_Your goal:_
Without changing anything, reproduce every record below.

===== Information given

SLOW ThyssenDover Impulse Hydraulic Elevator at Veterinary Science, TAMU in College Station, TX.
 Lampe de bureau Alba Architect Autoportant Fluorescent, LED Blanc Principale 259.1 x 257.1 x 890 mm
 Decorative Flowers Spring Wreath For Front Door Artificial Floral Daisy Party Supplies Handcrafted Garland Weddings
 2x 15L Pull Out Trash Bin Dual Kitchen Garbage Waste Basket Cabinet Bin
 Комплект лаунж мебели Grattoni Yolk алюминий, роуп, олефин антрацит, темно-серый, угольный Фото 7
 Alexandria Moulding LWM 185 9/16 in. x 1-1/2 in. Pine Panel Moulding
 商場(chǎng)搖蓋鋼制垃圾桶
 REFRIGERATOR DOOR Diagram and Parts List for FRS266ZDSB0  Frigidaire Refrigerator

==========

_Response:_
SLOW ThyssenDover Impulse Hydraulic Elevator at Veterinary Science, TAMU in College Station, TX.
 Lampe de bureau Alba Architect Autoportant Fluorescent, LED Blanc Principale 259.1 x 257.1 x 890 mm
 Decorative Flowers Spring Wreath For Front Door Artificial Floral Daisy Party Supplies Handcrafted Garland Weddings
 2x 15L Pull Out Trash Bin Dual Kitchen Garbage Waste Basket Cabinet Bin
 Комплект лаунж мебели Grattoni Yolk алюминий, роуп, олефин антрацит, темно-серый, угольный Фото 7
 Alexandria Moulding LWM 185 9/16 in. x 1-1/2 in. Pine Panel Moulding
 商場(chǎng)搖蓋鋼制垃圾桶
 REFRIGERATOR DOOR Diagram and Parts List for FRS266ZDSB0  Frigidaire Refrigerator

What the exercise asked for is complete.